Co-op Employs Quick Thinking, Creative Solutions to Reduce Outages After Substation Attack

Randolph EMC’s tielines enabled the co-op to restore service to members on a rolling basis due until Duke Energy’s repairs could be made. (Photo By: Tucker Hayes/Hayes House Productions)

Editor’s Note: Randolph EMC announced Wednesday morning that permanent, full power had been restored to its Moore County substations and members. The co-op is no longer asking members to conserve electricity.

A North Carolina electric cooperative’s quick thinking and creative solution has restored intermittent power to members after two Duke Energy transmission substations were attacked by gunfire over the weekend.

Randolph Electric Membership Corp. officials said 2,768 of its members were impacted by the outage.

The Asheboro-based co-op immediately responded by dispatching crews to assess the damage and craft a plan to restore service to members as quickly as possible.

“That transmission line fed our Eastwood substation and our Seven Lakes substation,” said Dale Lambert, CEO of Randolph EMC. “Service cannot be [fully] restored to Randolph EMC substations until the repairs are made.”

Early Sunday morning, co-op crews, aided by mutual aid personnel and contractors from the surrounding areas, began building more than two miles of new lines to connect the co-op’s de-energized lines to available power supplied from other locations. The tielines have enabled the co-op to restore service to members on a rolling basis due to power constraints.

“These tielines will allow us to pick up some of the members who are affected, but not all at the same time,” said Lambert, who is using social media messages and videos to help keep co-op members informed.

Randolph EMC crews, with help from mutual aid personnel, worked to build more than two miles of new lines to reconnect de-energized lines to available power in the immediate aftermath of the substation attacks. (Photo By: Tucker Hayes/Hayes House Productions)
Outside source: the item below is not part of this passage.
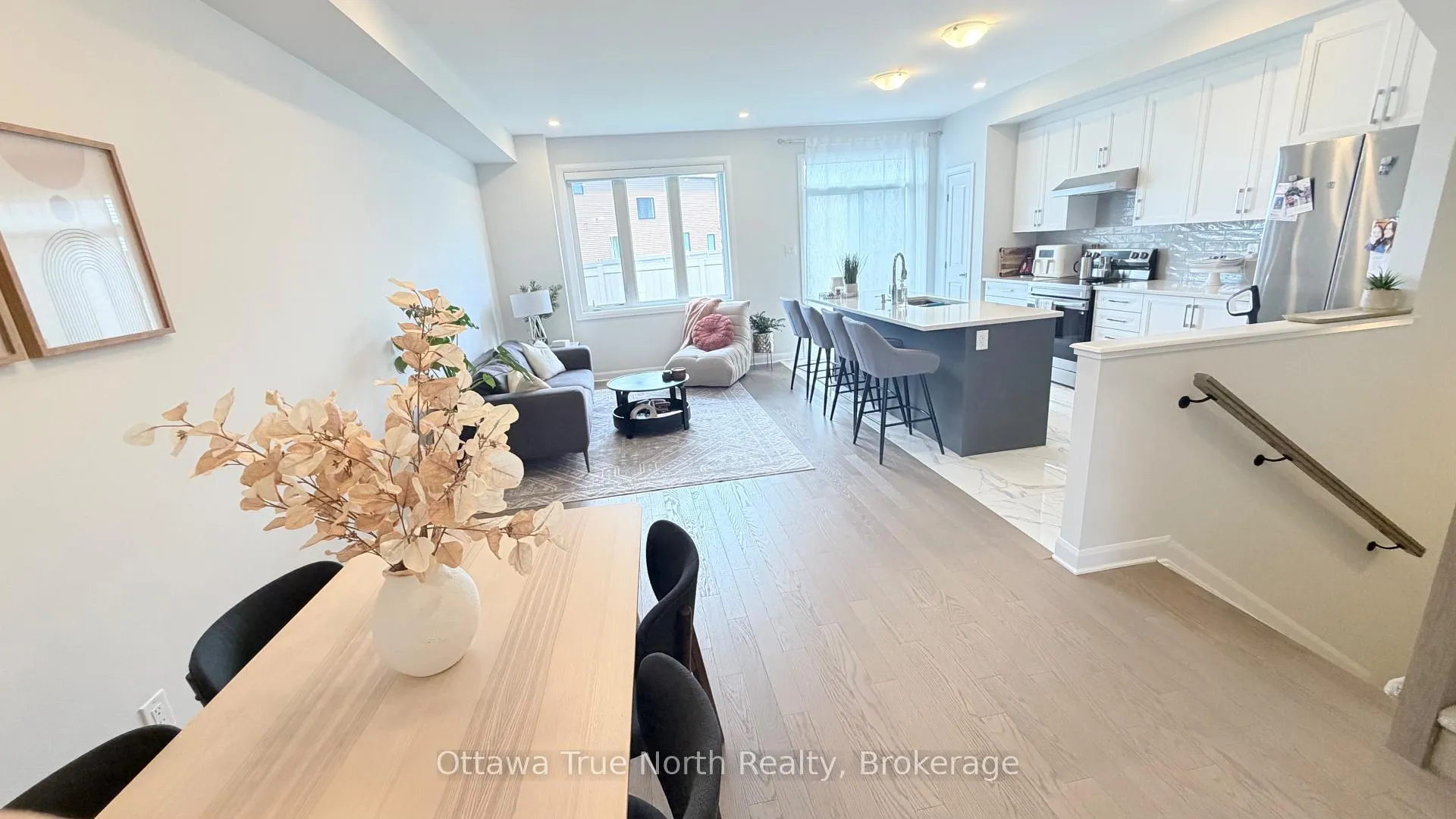 Photo 12 of 230 Invention Boulevard, Ottawa, Kanata - Morgan's Grant/South March — HOMEH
Randolph EMC is urging members in the affected area who have power to conserve electricity so that what is available will not overload the newly constructed, temporary system.

“We have provided rotating intervals of power, but we will not rest until our Moore County members are fully restored. They are our top priority,” said Lambert.

The tieline buildouts were completed Monday night. They involved upgrades to existing lines and construction of a new three-phase line.

“This is an unprecedented outage that’s drawn national attention because of the crime that occurred,” said Lambert. He added that the Moore County Sheriff’s Department has increased patrols around the co-op’s assets since Saturday to help discourage further criminal activity.

The FBI and state authorities are assisting local law enforcement with the investigation.

“These kinds of things cannot happen,” said North Carolina Gov. Roy Cooper during a briefing on Monday. “We cannot tolerate this kind of wide power outage to so many people.”

Duke Energy said it will cost several million dollars to repair its equipment and it could be at least Thursday before power transmission from the two damaged sites can be restored.

Local officials have opened temporary shelters to assist those without power, and the intermittent energized periods are now allowing some businesses to operate, restoring access to gasoline, groceries, medical care and other necessities.

Derrill Holly is a staff writer for NRECA.